Quando, por fim, se deram por saciadas, a mesa era um amontoado de pratos, copos e guardanapos sujos. Levantaram-se todos para ir ao quarto de banho e atravessaram a sala de braço dado, carnavalescas, com os chapéus postos, tão abastecidos quanto a mesa de onde se levantavam tinha sido.

Foi aí que cometeram o erro.

Ao passar pela minha mesa, uma delas deixou cair, do bolso do fato de Thermomix, uma caixinha. A dona, que viu tudo do balcão, saiu disparada e apanhou a caixa antes que qualquer um de nós tivesse tempo de fazê-lo. Abriu-a frente a nós, que haveríamos de ser as testemunhas. Lá dentro, havia cinco pequenas baratas de plástico, tão perfeitas e realistas como a que havia saído de debaixo do croissant.

Pedimos a conta em seguida e pusemo-nos a andar. Estávamos já na rua quando ouvimos os gritos das Thermomix e ainda as vimos a fugir para a rua, com a vassoura da dona do café no seu encalço.
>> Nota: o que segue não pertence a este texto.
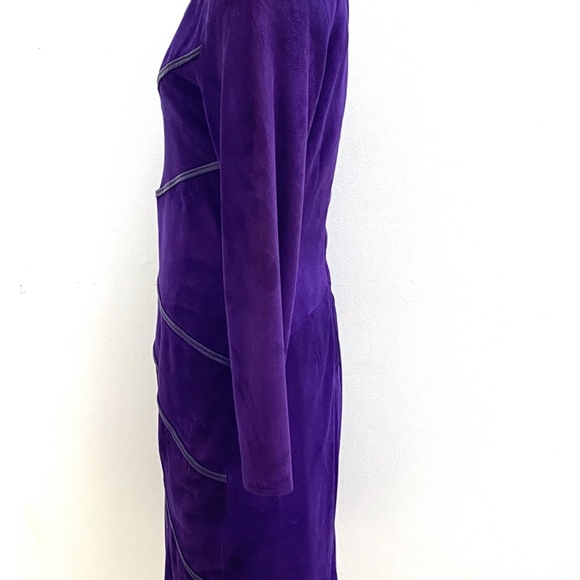 90'S Vakko Suede Dress Purple Suede Dress - Picture 6 of 6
Conto-vos isto para que desconfiem sempre quando alguém vos disser que, quando é Carnaval, ninguém leva a mal.

Foto: Everett Collection

Comments

  1. arlindo vicente says:

    verdade ou não é um conto muito bem contado – gostei..!

  2. António Fernando Nabais says:

    Pergunto-me que espécie de anormal terá escolhido o polegar para baixo. Terá sido uma das Thermomix ou barata? Não é importante, claro. Importante é a escritora.